Requirement —
Any picture among the records should be left out, please; retype the rest exactly.

Top of The data

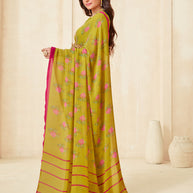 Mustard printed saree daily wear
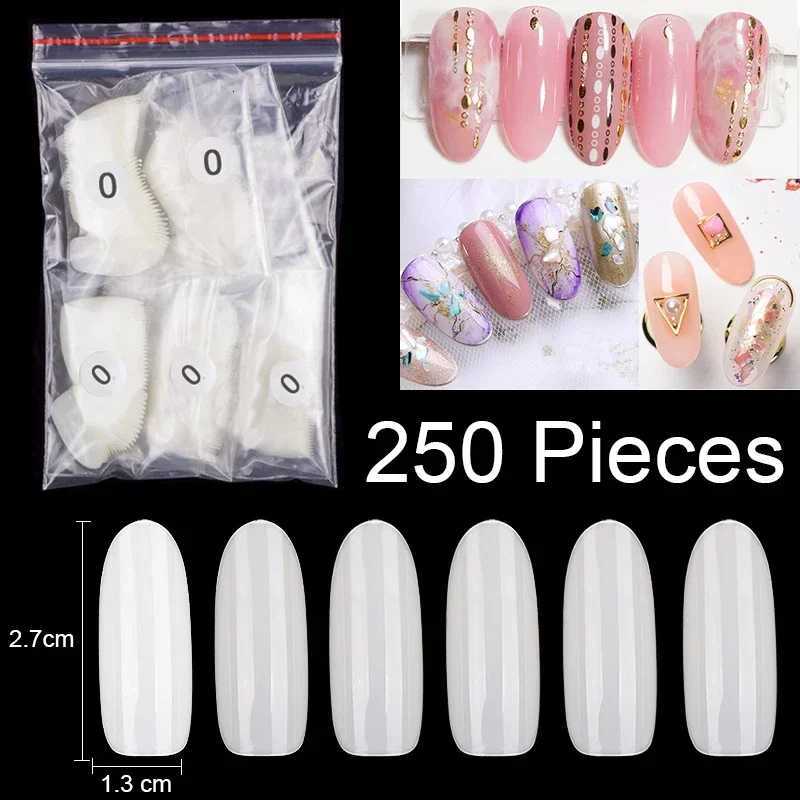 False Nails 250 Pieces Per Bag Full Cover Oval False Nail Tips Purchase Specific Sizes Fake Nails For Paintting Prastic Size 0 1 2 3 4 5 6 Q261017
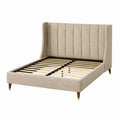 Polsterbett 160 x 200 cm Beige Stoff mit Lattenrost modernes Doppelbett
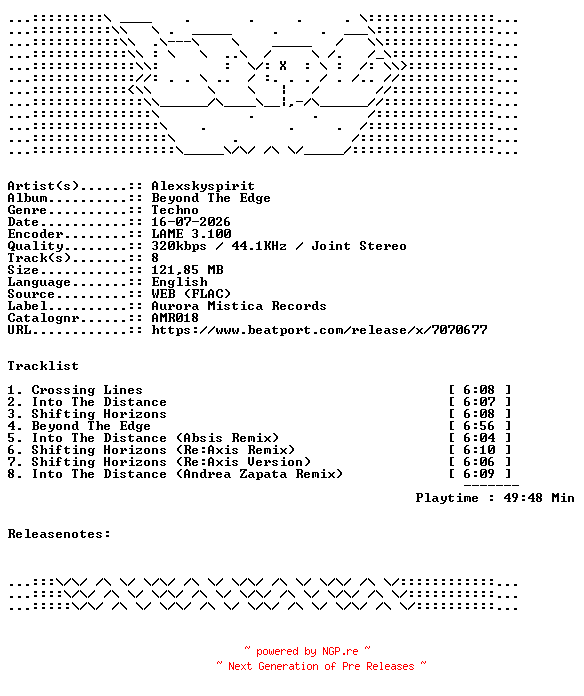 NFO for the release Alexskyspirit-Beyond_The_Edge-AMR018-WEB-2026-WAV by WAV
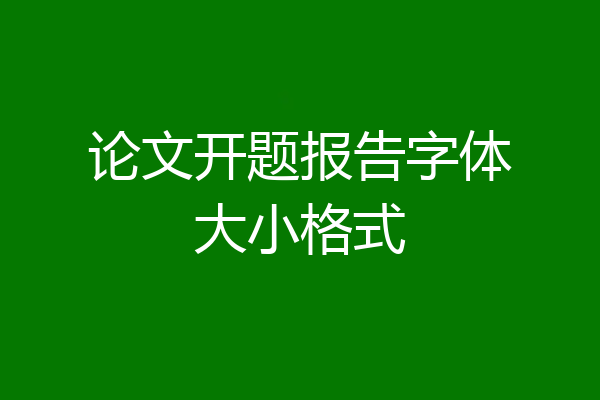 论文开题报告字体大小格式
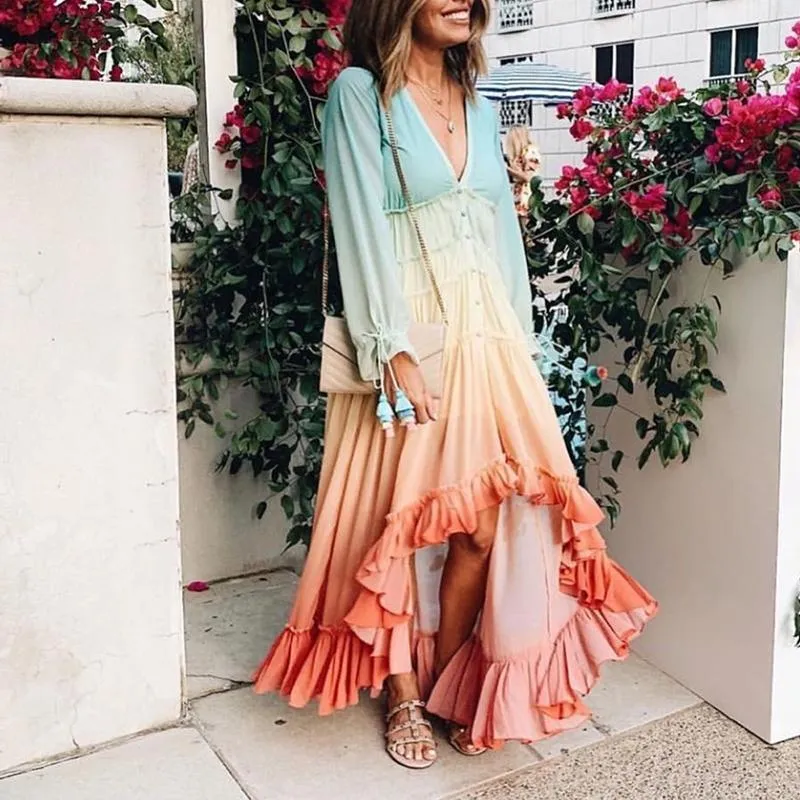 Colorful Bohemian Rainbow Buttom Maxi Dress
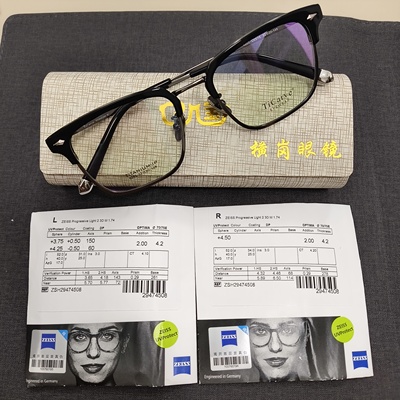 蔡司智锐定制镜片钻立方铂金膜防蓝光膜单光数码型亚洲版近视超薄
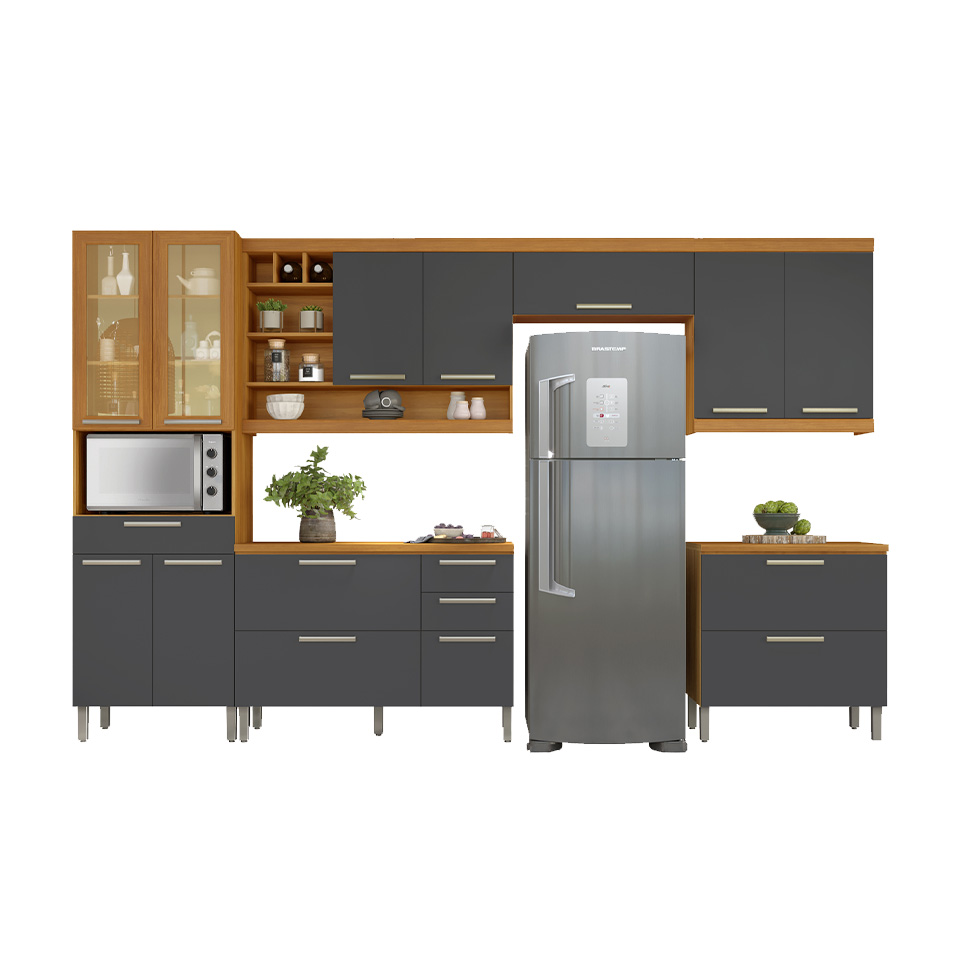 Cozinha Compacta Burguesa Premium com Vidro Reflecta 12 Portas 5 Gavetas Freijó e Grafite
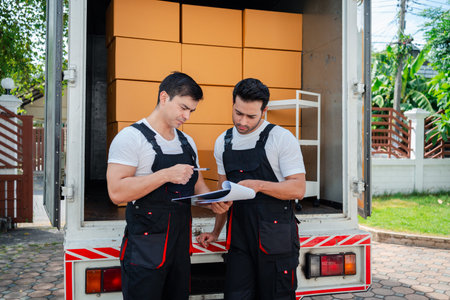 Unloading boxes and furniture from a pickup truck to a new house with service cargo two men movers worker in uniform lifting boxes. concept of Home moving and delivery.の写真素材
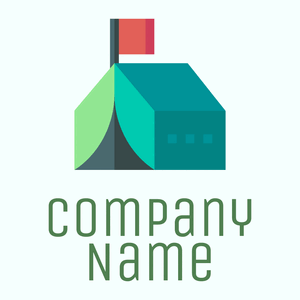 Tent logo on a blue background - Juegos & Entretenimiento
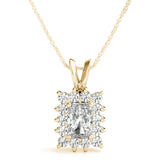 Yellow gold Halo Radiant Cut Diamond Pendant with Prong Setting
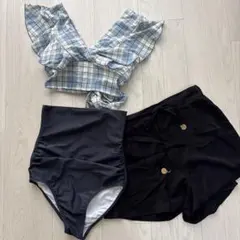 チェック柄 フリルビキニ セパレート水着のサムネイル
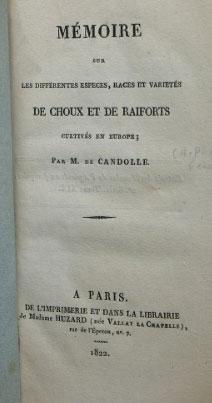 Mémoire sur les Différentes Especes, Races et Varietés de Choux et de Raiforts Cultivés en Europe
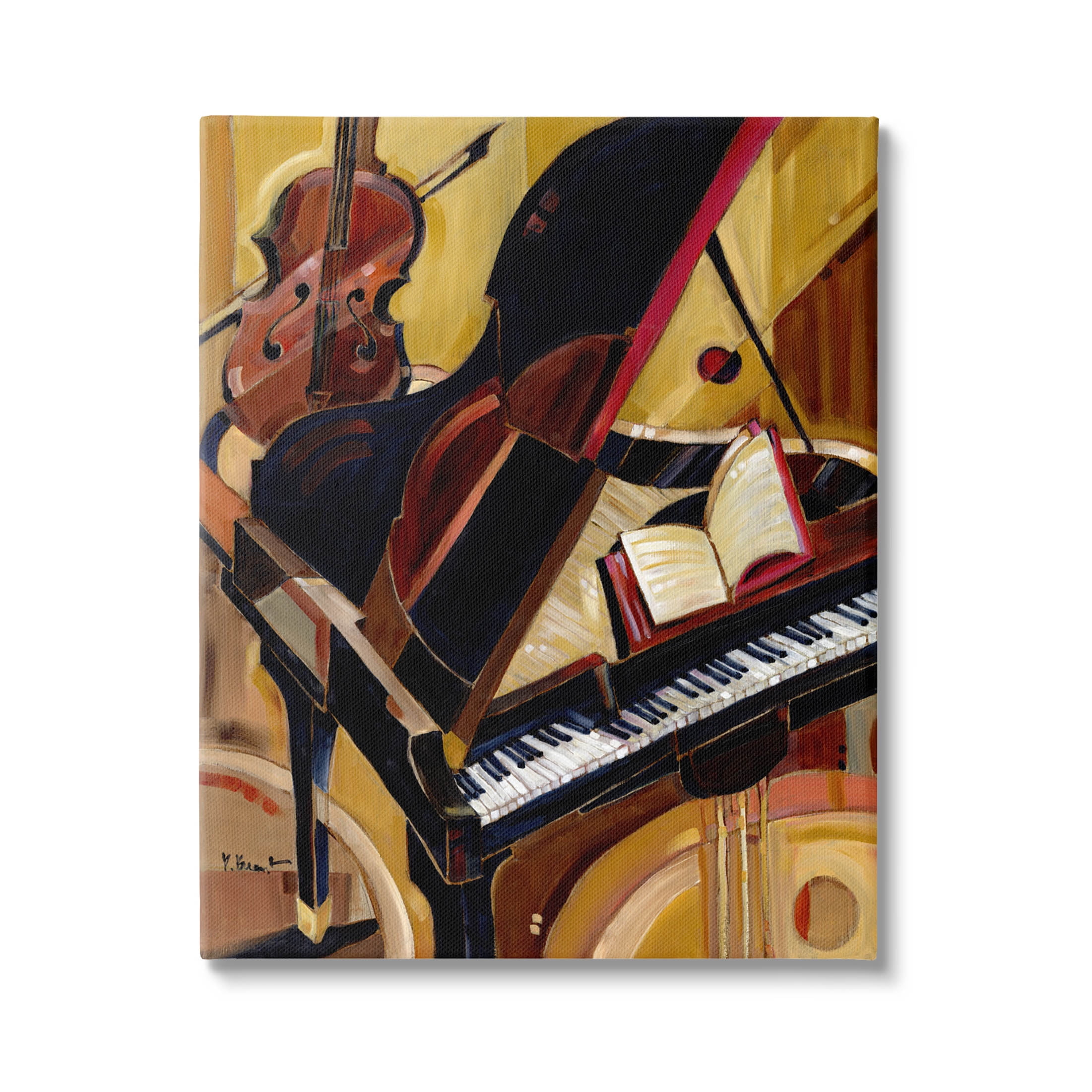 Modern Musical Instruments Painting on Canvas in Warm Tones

Bottom of The data

Completed task —
 Mustard printed saree daily wear
 False Nails 250 Pieces Per Bag Full Cover Oval False Nail Tips Purchase Specific Sizes Fake Nails For Paintting Prastic Size 0 1 2 3 4 5 6 Q261017
 Polsterbett 160 x 200 cm Beige Stoff mit Lattenrost modernes Doppelbett
 NFO for the release Alexskyspirit-Beyond_The_Edge-AMR018-WEB-2026-WAV by WAV
 论文开题报告字体大小格式
 Colorful Bohemian Rainbow Buttom Maxi Dress
 蔡司智锐定制镜片钻立方铂金膜防蓝光膜单光数码型亚洲版近视超薄
 Cozinha Compacta Burguesa Premium com Vidro Reflecta 12 Portas 5 Gavetas Freijó e Grafite
 Unloading boxes and furniture from a pickup truck to a new house with service cargo two men movers worker in uniform lifting boxes. concept of Home moving and delivery.の写真素材
 Tent logo on a blue background - Juegos & Entretenimiento
 Yellow gold Halo Radiant Cut Diamond Pendant with Prong Setting
 チェック柄 フリルビキニ セパレート水着のサムネイル
 Mémoire sur les Différentes Especes, Races et Varietés de Choux et de Raiforts Cultivés en Europe
 Modern Musical Instruments Painting on Canvas in Warm Tones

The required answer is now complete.